-- REQUIRED ACTION --
A word-for-word copy of the entries is needed, and it should contain no images.

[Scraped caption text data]

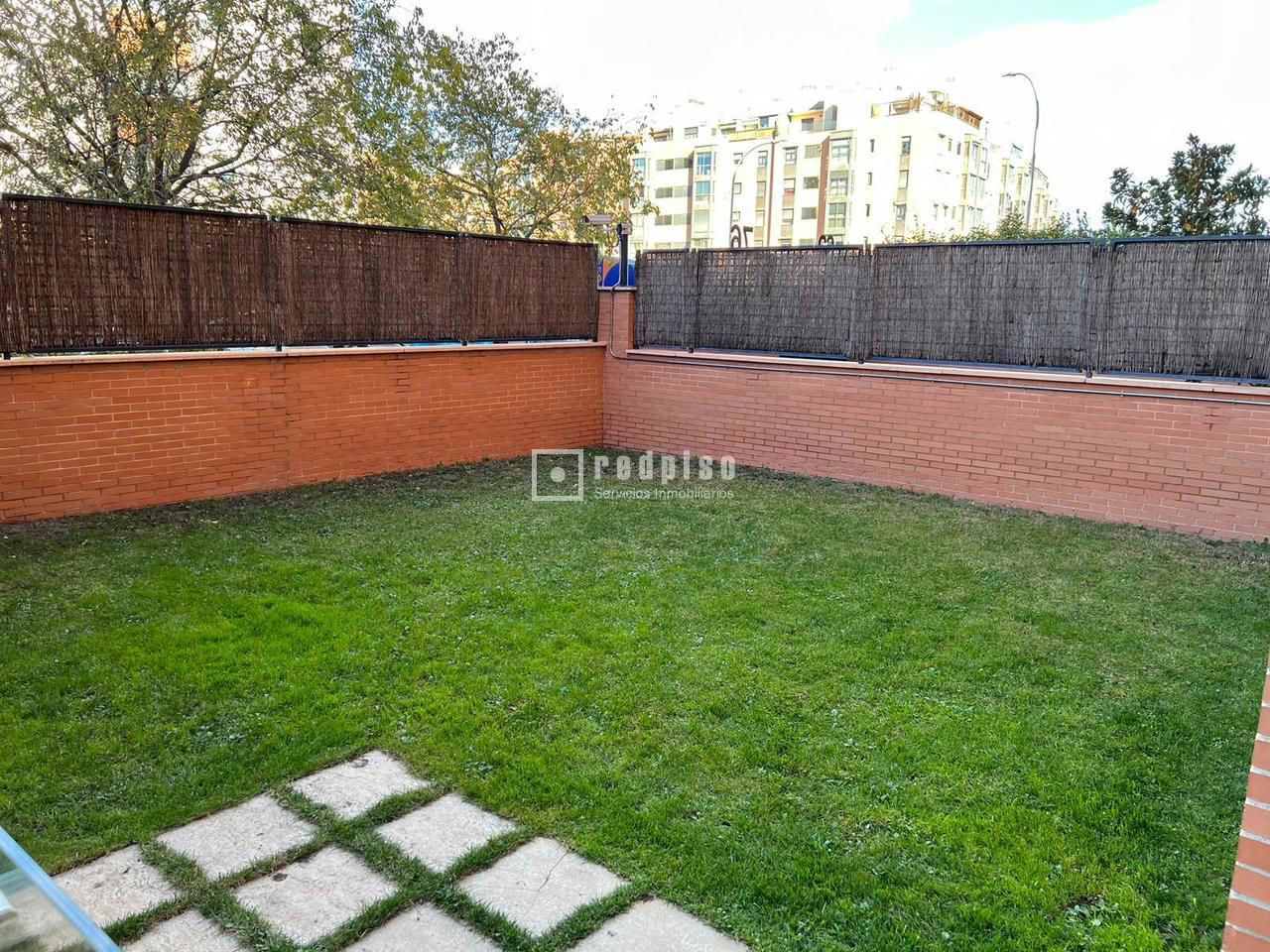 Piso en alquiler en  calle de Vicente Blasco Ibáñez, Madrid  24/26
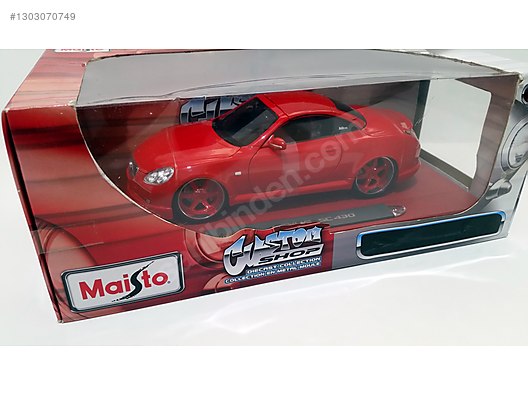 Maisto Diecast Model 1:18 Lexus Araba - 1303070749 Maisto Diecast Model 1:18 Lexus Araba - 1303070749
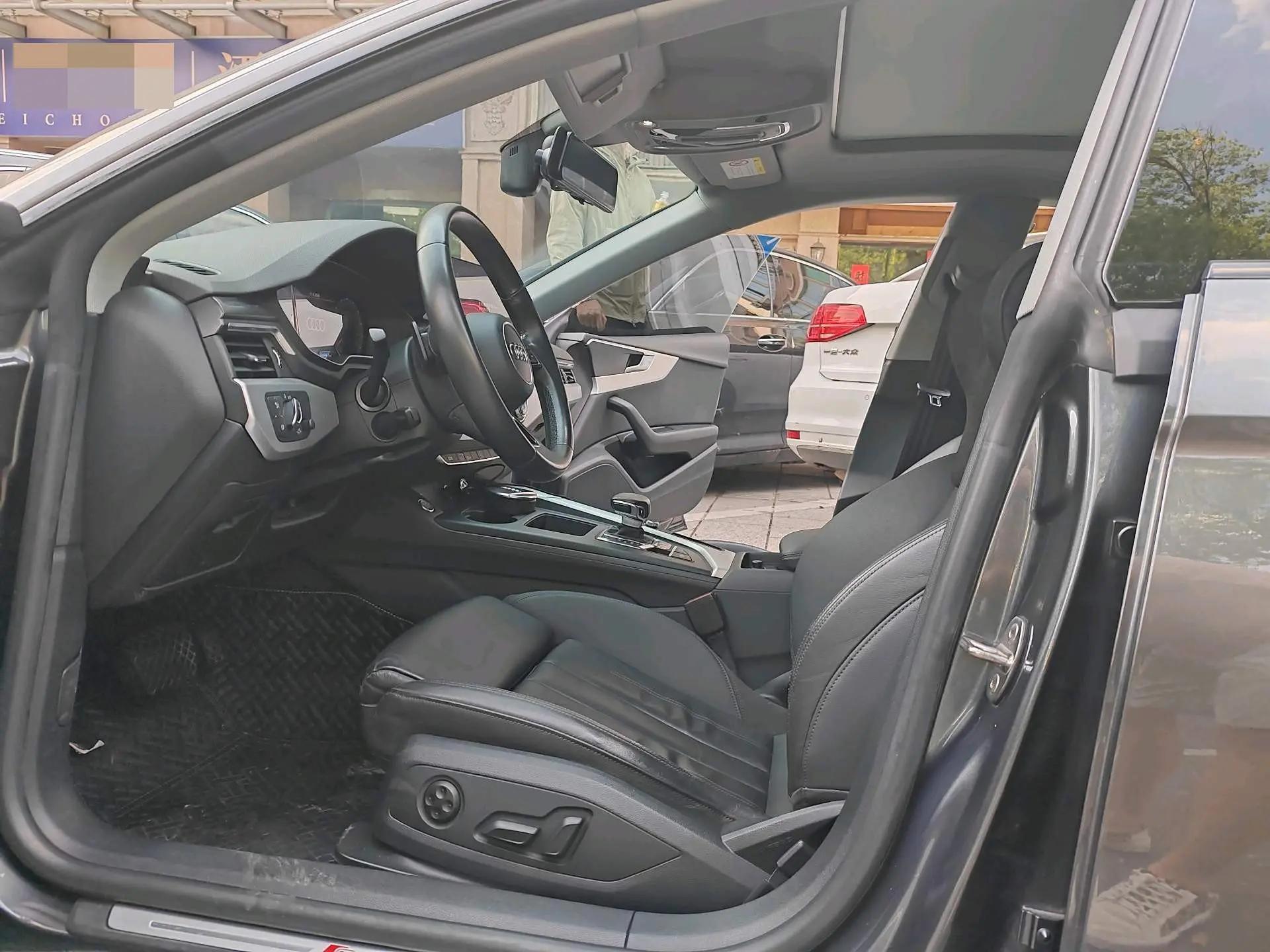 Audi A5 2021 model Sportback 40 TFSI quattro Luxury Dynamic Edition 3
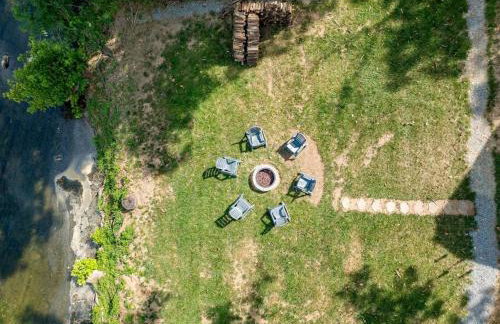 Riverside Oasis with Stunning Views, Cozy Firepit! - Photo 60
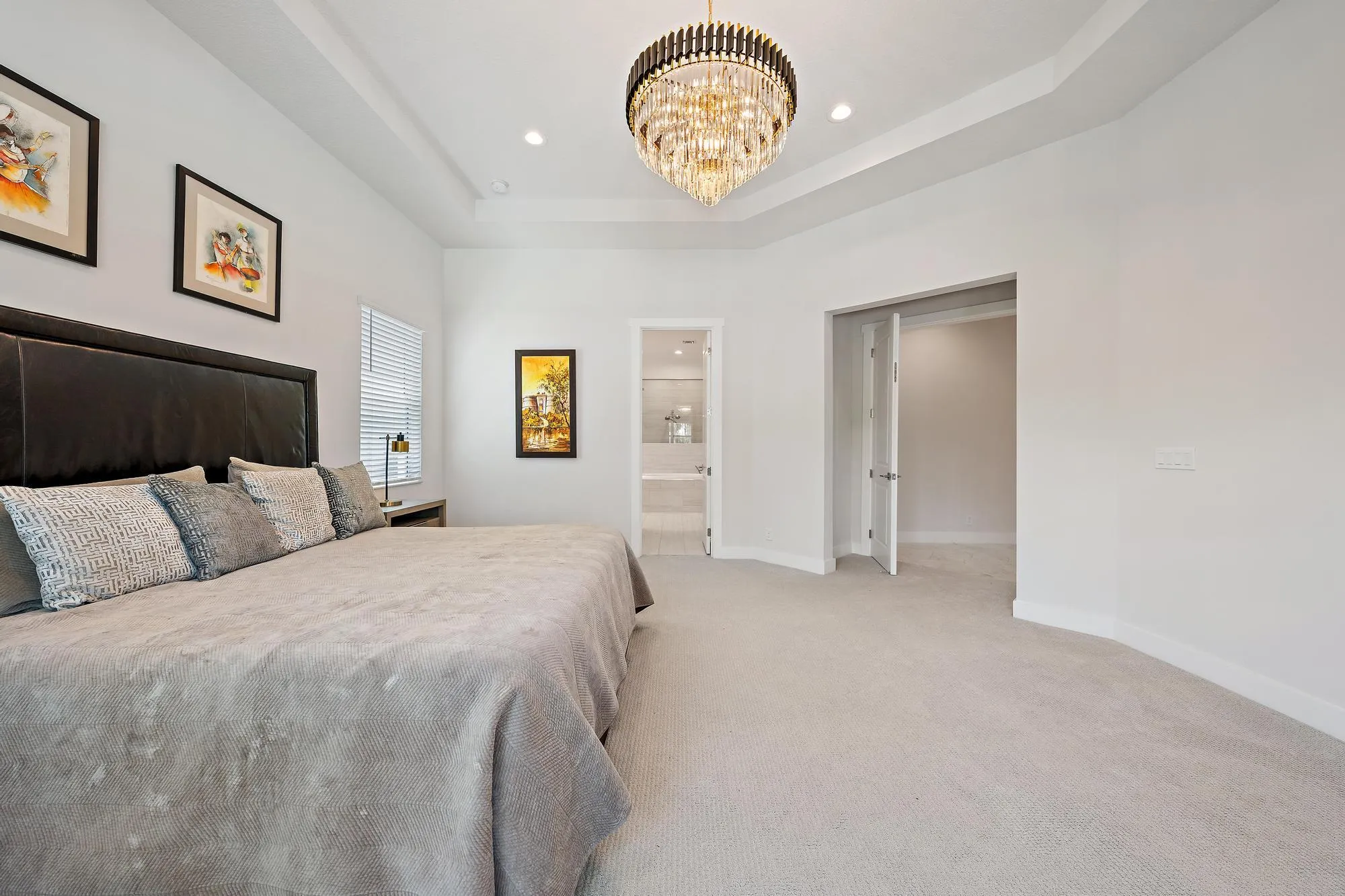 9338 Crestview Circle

-- RESPONSE TO THIS TASK --
 Piso en alquiler en  calle de Vicente Blasco Ibáñez, Madrid  24/26
 Maisto Diecast Model 1:18 Lexus Araba - 1303070749 Maisto Diecast Model 1:18 Lexus Araba - 1303070749
 Audi A5 2021 model Sportback 40 TFSI quattro Luxury Dynamic Edition 3
 Riverside Oasis with Stunning Views, Cozy Firepit! - Photo 60
 9338 Crestview Circle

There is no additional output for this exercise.